The amplitude of a wave describes how far the wave oscillates from its central position. Think of it as the height of the wave from its middle point to its top, or from the middle down to its bottom. For the function

• \(y = 2 \sin 3t\)

we can see the number 2 right before the sine function. This number tells us the amplitude.
The amplitude is always a positive number, so we take the absolute value of 2, which is simply 2.
Therefore, the wave swings 2 units up and 2 units down from the center line. This is why you will see the wave move between -2 and 2 on the graph.

The period of a trigonometric function is the time it takes for the wave to complete one full cycle before starting over. To determine the period of our function

• \(y = 2 \sin 3t\)

look at the coefficient inside the sine function, which is 3 in this case.
The period \(T\) for a sine function is found using the formula

• \(T = \frac{2\pi}{B}\)

where \(B\) is the coefficient of \(t\).
For our function, this means the period is

• \(T = \frac{2\pi}{3}\)

This tells us that every \(\frac{2\pi}{3}\) time units, the sine wave pattern repeats.

Frequency refers to how often the wave cycles occur in a specific interval. It is the inverse of the period, and tells us how many cycles happen per unit of time. For our sine function,

• \(y = 2 \sin 3t\)

we already found the period \(T\) to be

• \(\frac{2\pi}{3}\).

The frequency \(f\) is calculated as

• \(f = \frac{1}{T}\).

So,

• \(f = \frac{3}{2\pi}\)

This means that in one time unit, the sine wave completes

• \(\frac{3}{2\pi}\)

cycles.

The sine function is one of the most common trigonometric functions and involves wave-like oscillations. It is periodic, meaning it repeats its pattern away from the source over regular intervals.
The function

• \(y = \sin t\)

describes a wave starting at 0, reaching a peak at \(\frac{\pi}{2}\), descending back through zero to -1 at \(\frac{3\pi}{2}\), and coming back to zero at \( 2\pi \).
This makes the sine function an excellent model for circular motion or oscillations, like swinging or sound waves.
In our equation

• \(y = 2 \sin 3t\)

the sine function is adjusted by the amplitude and frequency to fit different real-life scenarios.

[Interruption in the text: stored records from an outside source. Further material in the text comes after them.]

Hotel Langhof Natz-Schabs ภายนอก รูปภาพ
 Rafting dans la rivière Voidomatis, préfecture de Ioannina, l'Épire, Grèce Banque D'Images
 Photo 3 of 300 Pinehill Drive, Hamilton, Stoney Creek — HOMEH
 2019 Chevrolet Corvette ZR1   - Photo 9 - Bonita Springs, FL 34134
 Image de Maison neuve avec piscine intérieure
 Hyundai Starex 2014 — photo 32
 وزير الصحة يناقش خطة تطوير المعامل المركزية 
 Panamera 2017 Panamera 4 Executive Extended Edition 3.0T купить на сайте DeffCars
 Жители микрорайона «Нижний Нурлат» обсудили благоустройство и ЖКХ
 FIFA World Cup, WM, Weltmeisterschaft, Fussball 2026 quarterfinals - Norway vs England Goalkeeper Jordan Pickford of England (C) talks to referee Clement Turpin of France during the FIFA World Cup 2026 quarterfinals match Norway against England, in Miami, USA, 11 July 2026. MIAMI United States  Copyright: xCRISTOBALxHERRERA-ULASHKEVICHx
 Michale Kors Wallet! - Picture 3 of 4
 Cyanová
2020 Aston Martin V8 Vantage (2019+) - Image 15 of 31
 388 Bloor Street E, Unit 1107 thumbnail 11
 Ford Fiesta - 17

Graphing trigonometric functions like sine requires understanding of how the amplitude, period, and frequency alter the curve. To graph the function

• \(y = 2 \sin 3t\)

follow these steps:

• Identify the amplitude (2 in this case), showing the wave height from the middle to the peak.
• Calculate the period \(\frac{2\pi}{3}\), demonstrating how long before the wave pattern repeats.
• Plot points along the curve starting at the origin
  • (0, 0)
  reach the highest amplitude at one-quarter \(\frac{2\pi}{12}\).
• Cross zero at halfway period
  • \(\frac{\pi}{3}\).
• Reach the lowest amplitude at three-quarters
  • \(\frac{\pi}{2}\).
• Return to zero at full period
  • \(\frac{2\pi}{3}\).

Seeing this on the graph shows how effectively waves are modeled using sine functions.